Hayvanlar için vakıflar kuruldu, aş evlerinde kedi ve köpekler doyuruldu 

Osmanlı, sokak hayvanlarını merhameti ve ahlakı unutmayarak korudu. Hayvanların haklarını korumak için insanları bu düşünceye teşvik etti, onlara karşı özenli davrandı. Bu doğrultuda aş evlerinde, muhtaç insanlarla birlikte kedi ve köpekleri de doyurdu. Hayvan bakımı için uşaklar tutuldu, kasaplarla anlaşıldı ve maaşlar ödendi. Bunun yanı sıra hayvanların tedavileri; su ve yemek bulabilmeleri için vakıflar kuruldu. Bunlardan bir tanesi, Üsküdar'da bulunan kedi hastanesiydi. Tüm bunlarla birlikte, hayvanlar için kebap günleri bile düzenlenirdi. 

 

Kedilere miras bırakılırdı

Osmanlı'da sokak hayvanlarına duyulan sevgi büyüktü. Öyle ki birçok kişi ölmeden önce kedi ve köpeklerin beslenmeleri için para ve vasiyet bırakırlardı. Hayrın işlenmesi için vasiyet, fırın veya kasap gibi esnaflara bırakılırdı. Thevenot, 1656 yılındaki İstanbul ziyaretinde bu durumu şu sözlerle anlatır:

“Türklerin bazıları ölürken; haftada şu kadar defa, şu kadar köpeğe ve şu kadar kediye yiyecek verilmek üzere birçok iratlar (miras, nafaka) bırakırlar yahut bu hayrın işlenmesini temin için fırıncılarla kasaplara para verirler ve onlar da bu gibi vasiyetleri büyük bir sadâkatle ve hatta dindarâne bir riayetle yerine getirirler. Onun için her gün et taşıyan birtakım kimselerin, şart-ı vâkıfa göre köpekleri veya kedileri çağırıp etraflarına toplanan hayvanlara et parçaları atışları görülecek şeydir. Bunlar bizim nazarımızda çok gülünç olmakla beraber onlarca öyle değildir.”

 

Mancacılar kedi ve köpekleri doyururdu

Kedi ve köpeklere duyulan merhametin bir farklı göstergesi ise mancacılardı. Eğer birisi kedi ve köpeklere yemek vermek istiyorsa, mancacılara yemek parası verirdi. Mancacı ise kedi ve köpekleri onun adına beslerdi.

 

O zaman da her evin bir çocuğu vardı, şimdi de var! 
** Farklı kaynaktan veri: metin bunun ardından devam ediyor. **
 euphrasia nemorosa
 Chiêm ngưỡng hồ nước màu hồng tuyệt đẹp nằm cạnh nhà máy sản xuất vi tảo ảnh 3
Osmanlı'da da her evin bir kedisi vardı. Bu kediler evin adeta bir ferdi gibi görülürdü. Öyle ki şimdilerde olduğu gibi kedi bir misafire fazla ilgi gösterirse, ev sahibi bu durumu kıskanırdı. :) Yıllaaar, yıllar geçti; bu durum değişmedi. Şimdilerde de İstanbul'un her ferdinin evinde bir çocuğu var. O çocuk evde olmasa bile, sokakta her zamanki yerinde mamasını bekliyor. Çünkü onlar en az bizim kadar bu dünyanın sahipleri. Onlar bizimle başlıyor. O zaman Ceyda Torun'un ‘’Kedi, kediden öte bir şey İstanbul’da. Kedi, bütün İstanbul’un tarif edilemez karmaşası, kültürü, özgünlüğü ve özelliği ile ilgili bir şey…'' sözleriyle yazımızı noktalayarak İstanbul'un gizli sahipleri için kapı önüne 1 kap mama ve 1 kap su koyuyoruz!